Lima's departure follows on the heels of the resignation last week of Fernando C. de Baca. Chairman of the Republican Party in Bernalillo County, New Mexico's most populous county, de Baca predicted John McCain would do well in his state:
"The truth is that Hispanics came here as conquerors. African-Americans came here as slaves. Hispanics consider themselves above blacks. They won't vote for a black president."
As the national and state polls clearly show, de Baca is wrong. Obama has enjoyed leads as large as 40 points among Hispanic voters nationwide. And for now, the battleground state of New Mexico is leaning his way.
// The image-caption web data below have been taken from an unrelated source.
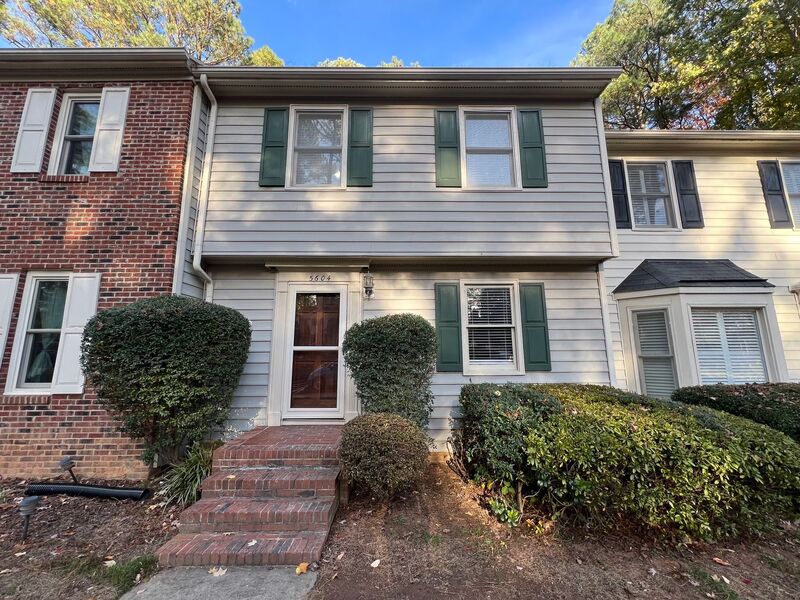 Raleigh Townhome: 5604 Hamstead Crossing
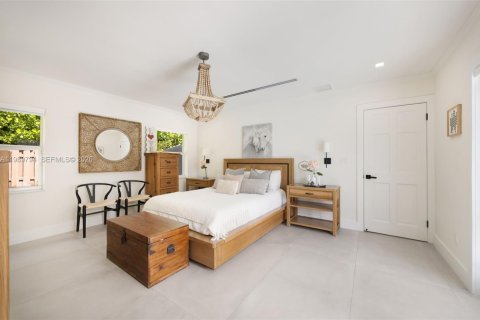 Casa en venta en Palmetto Bay, Florida, 4 dormitorios, 181.44 m2 № 2056573 - foto 20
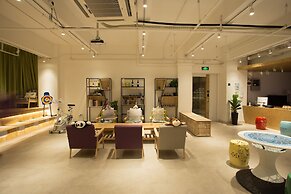 Phoenix Egg Youth Hostel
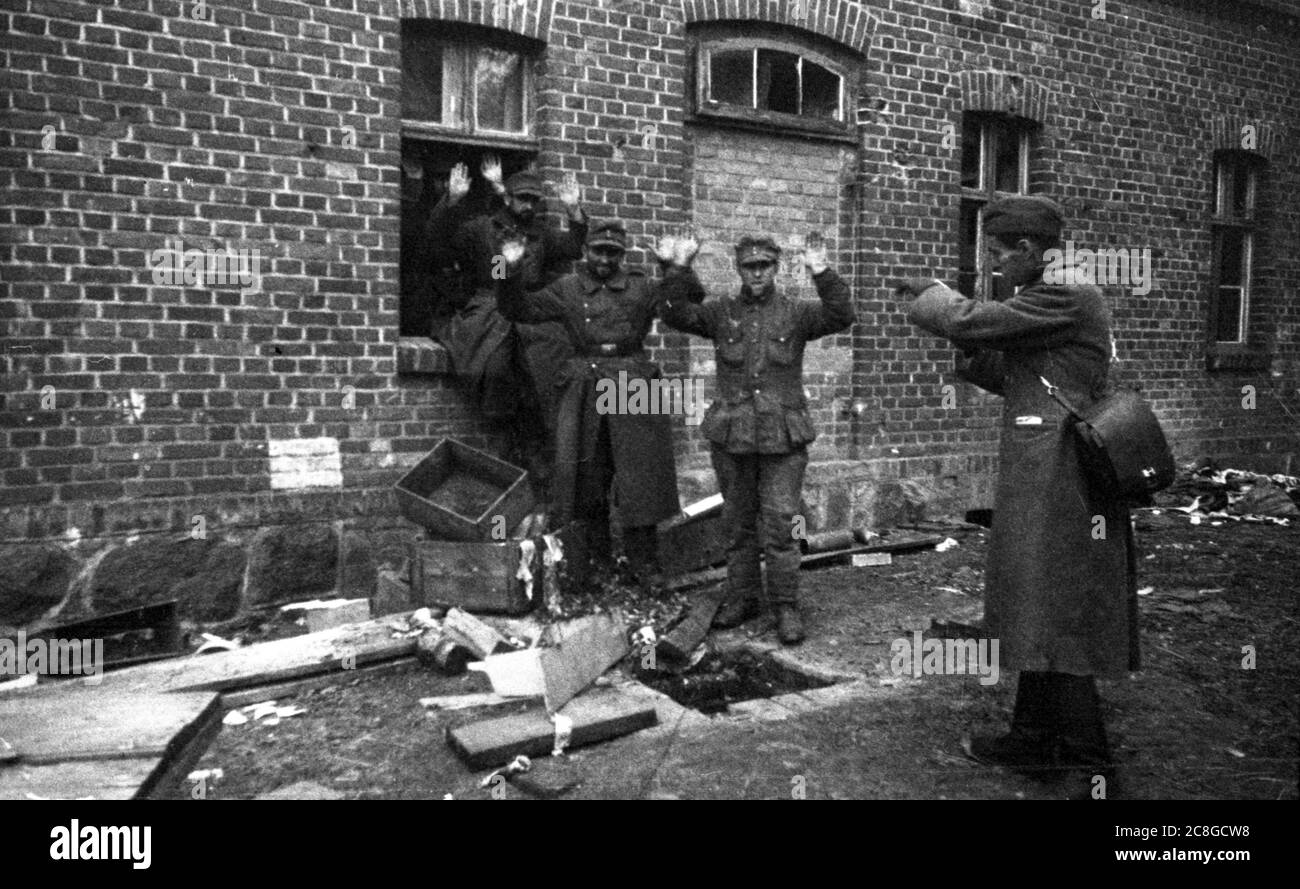 Rote Armee / Sowjetarmee nimmt Soldaten als Kriegsgefangene 1944 - Rote Armee / Sowjetische Armee mit deutschen Soldaten als Kriegsgefangene / Kriegsgefangene Stockfoto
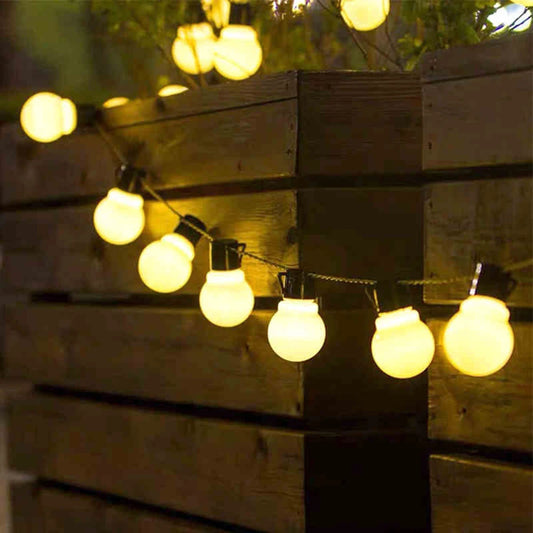 Warm White Decorative Round LED String Lights – 6m, 20 Bulbs, IP44 Waterproof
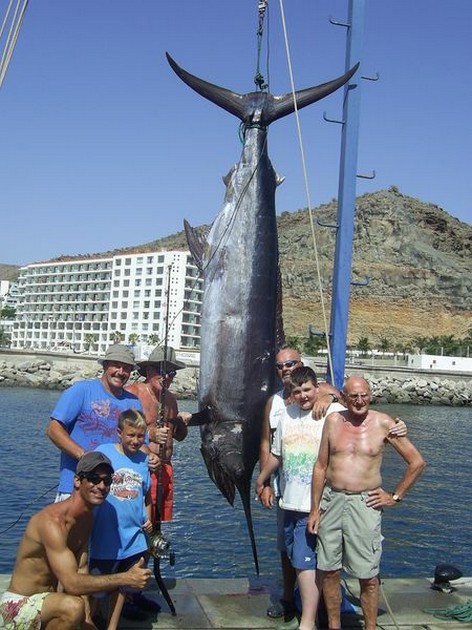 14/08 blue marlin Cavalier & Blue Marlin Sport Fishing Gran Canaria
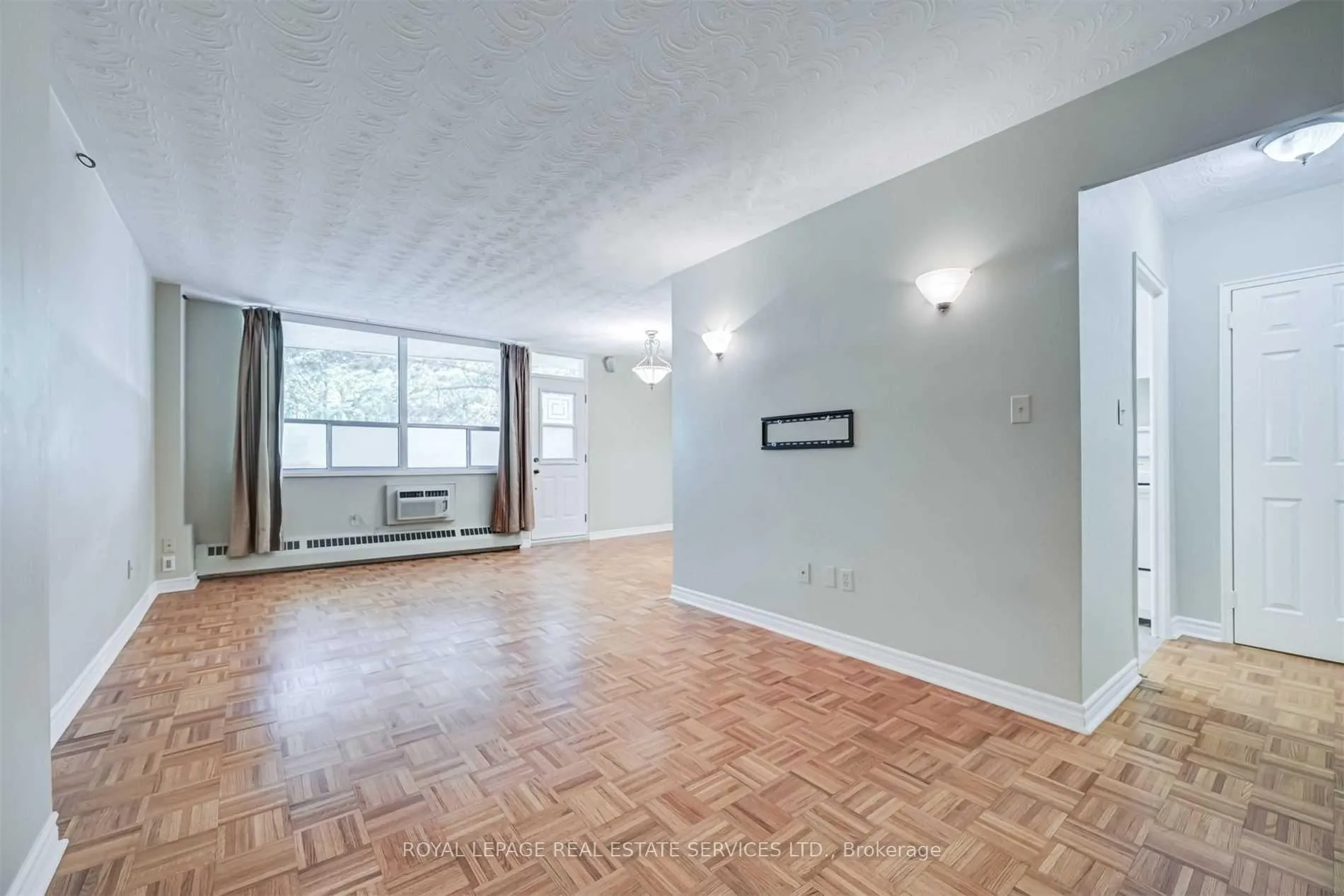Photo 3 of Unit 106, 100 Coe Hill Drive, Toronto, High Park-Swansea — HOMEH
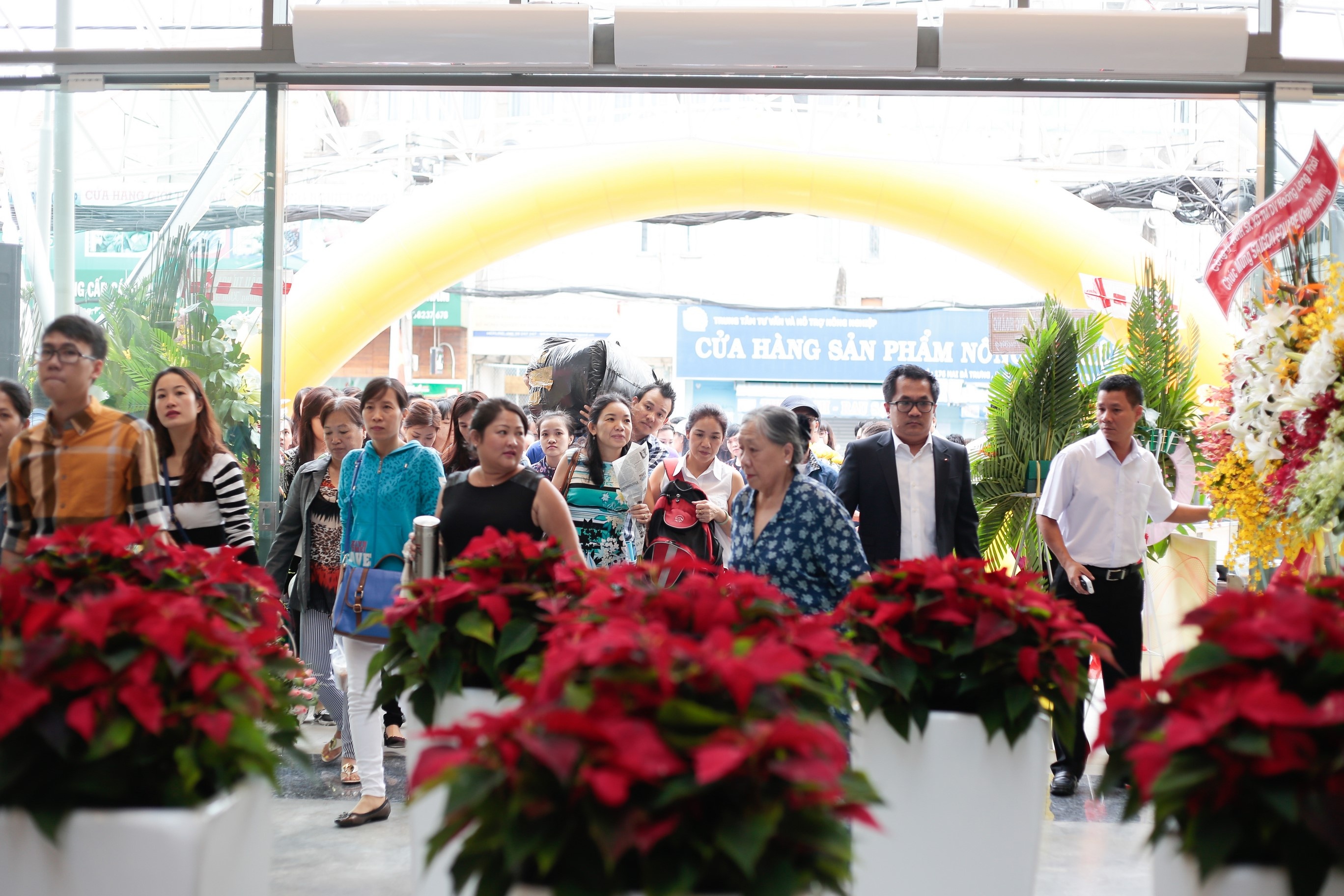 Những vị khách đầu tiên hào hứng với khu trung tâm mua sắm mới mở.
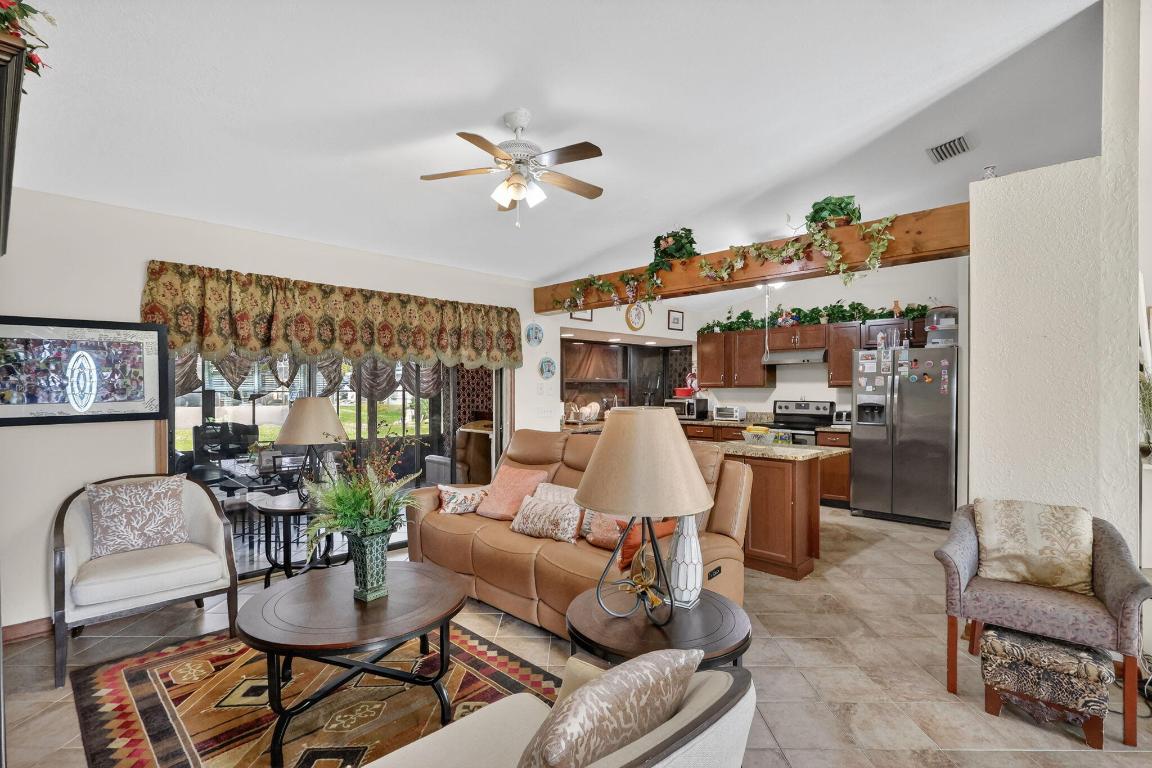 943 SE Brookedge Avenue E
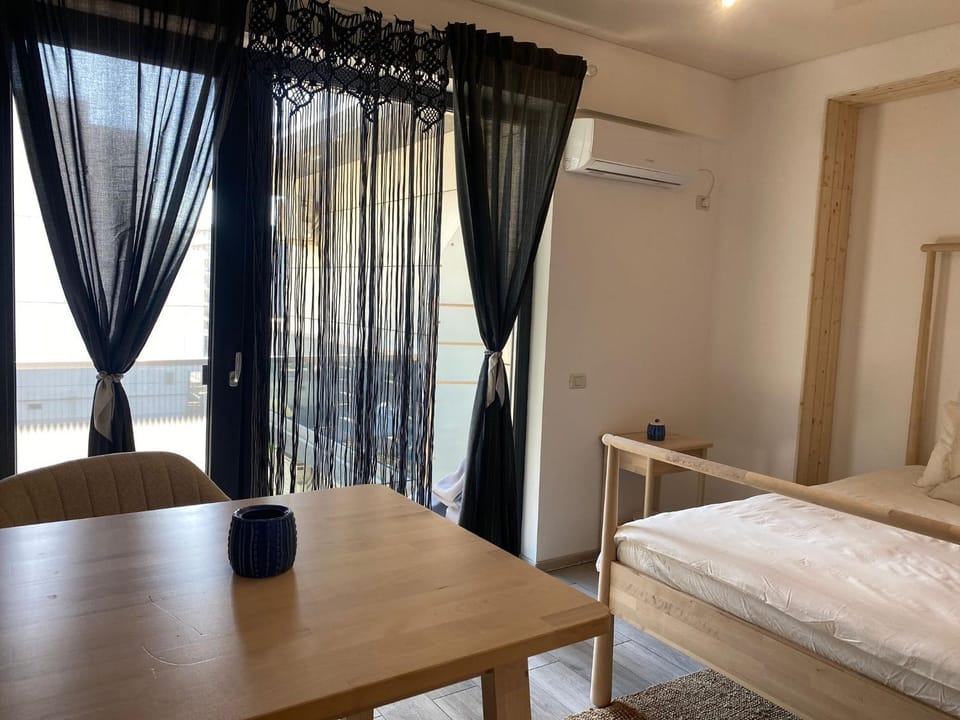 Bed, Seating area, Dining area, air conditioner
Sadly, Lima and de Baca's missteps in the Southwest are hardly isolated events for the Republican Party in this year's election. On Thursday, Minnesota Rep. Michelle Bachman cited an article blaming "blacks" and "other minorities" for the Wall Street financial crisis. In Virginia, Congressman Virgil Goode, who previously hurled anti-Muslim slurs at his Minnesota colleague Keith Ellison, is airing ads depicting his lily-white Democratic opponent as dark-skinned and bearded. Meanwhile, Fort Hill, South Carolina mayor Danny Funderburk forwarded an email proclaiming Barack Obama the anti-Christ because he was "just curious" if it was true.
And it's not even October yet.
As I wrote last year ("The Party of Hate"), "the only message seemingly uniting Republicans is disdain - of immigrants, of blacks, of gay Americans and above all, Muslims." Alas, Kellyanne Conway's diversity training for Republicans was just a smokescreen for the Party of Hate.